Editor: Eduardo Schmitz
La soja volvió a quedar en el centro de la atención del mercado agrícola internacional. El aumento del área sembrada en Estados Unidos, informado por el Departamento de Agricultura de ese país, no alcanzó para quebrar el tono optimista que venían mostrando los operadores.
El dato oficial introdujo presión sobre los precios, porque una mayor superficie puede traducirse en una oferta más amplia si el clima acompaña durante el ciclo productivo. Sin embargo, el mercado no interpretó esa señal como suficiente para cerrar el camino a una recuperación.
El USDA presiona, pero no cambia el fondo del mercado
Los informes del USDA siguen siendo una referencia central para el mercado internacional de granos. Cada ajuste en superficie, producción o existencias modifica expectativas y puede provocar movimientos rápidos en Chicago.
En esta ocasión, la suba del área sembrada de soja en Estados Unidos agregó una señal bajista, pero no desarmó completamente el escenario alcista.
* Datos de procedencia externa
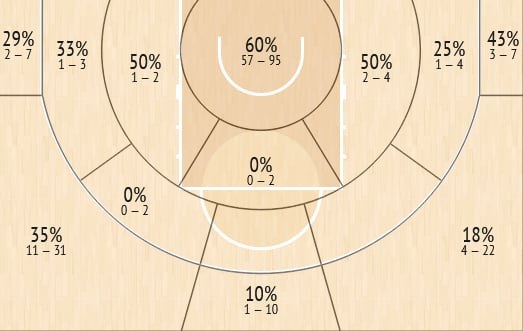 shot chart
La lectura de los operadores combina el dato productivo con una demanda que todavía se mantiene firme y con señales técnicas que siguen abiertas.
Ese equilibrio explica por qué la oleaginosa logró resistir la presión inicial. La soja no queda aislada del impacto de una mayor oferta potencial, pero tampoco pierde de vista los factores que pueden sostener los precios si aparecen nuevas compras o si el clima introduce riesgos sobre la producción.
Chicago sigue marcando el pulso
La plaza de Chicago continúa funcionando como el principal termómetro del complejo sojero. Allí se cruzan las expectativas de cosecha estadounidense, la demanda internacional, el comportamiento de los fondos y las señales comerciales vinculadas con China.
En los últimos meses, la soja en Chicago volvió a mostrar cómo una mejora externa puede trasladarse rápidamente a otros mercados agrícolas. Por eso, cualquier movimiento técnico en la referencia estadounidense es seguido con atención por productores, exportadores e industrias procesadoras.
El mercado conserva una estructura favorable mientras los compradores sigan activos y mientras los precios logren sostener niveles técnicos relevantes. Si esa condición se mantiene, el camino hacia nuevos máximos no queda cerrado.
China vuelve a ser una pieza decisiva
La demanda china aparece nuevamente como una de las claves del próximo movimiento. Las compras del gigante asiático pueden cambiar el tono del mercado, especialmente cuando Estados Unidos entra en una etapa sensible de definición productiva.
China viene reconfigurando sus fuentes de abastecimiento de soja, con un peso creciente de Sudamérica y una relación más compleja con Estados Unidos. Ese cambio ya se observa en el comercio global, donde Brasil ganó espacio como proveedor de soja frente a la oferta estadounidense.
Para el mercado, cualquier señal de nuevas compras chinas puede actuar como soporte. Si la demanda se mantiene firme, el impacto bajista del aumento del área sembrada en Estados Unidos podría quedar parcialmente compensado.
El clima en Estados Unidos agrega incertidumbre
El clima estadounidense será otro factor determinante. Una mayor superficie sembrada solo se convierte en mayor producción si las condiciones acompañan durante las etapas críticas del cultivo. Por eso, lluvias, temperaturas y estrés hídrico seguirán bajo vigilancia.
El mercado agrícola suele ajustar precios antes de que los datos finales de producción estén disponibles. En ese proceso, la información climática puede reforzar o debilitar la lectura del USDA, sobre todo cuando la campaña todavía no está definida.
Si el clima resulta favorable, la presión de oferta puede crecer. Si aparecen problemas en zonas productoras, la soja podría encontrar un nuevo impulso, especialmente si coincide con demanda externa activa.
Un mercado alcista, pero con riesgos abiertos
Los operadores alcistas mantienen el control, aunque el escenario no está libre de desafíos. La mayor área sembrada en Estados Unidos, las próximas estimaciones del USDA y la evolución de las compras chinas serán los factores que ordenen la tendencia inmediata.
La soja sigue dentro de un mercado sensible a los datos oficiales y a las expectativas de oferta. Esa misma volatilidad ya se observó en otros momentos recientes, cuando los informes agrícolas provocaron fuertes ajustes en la soja, el trigo y el maíz.
El rebote todavía depende de confirmaciones. La demanda debe sostenerse, el clima no debe ampliar demasiado la expectativa de producción y los precios deben conservar señales técnicas favorables. En ese punto se juega el próximo movimiento de la oleaginosa.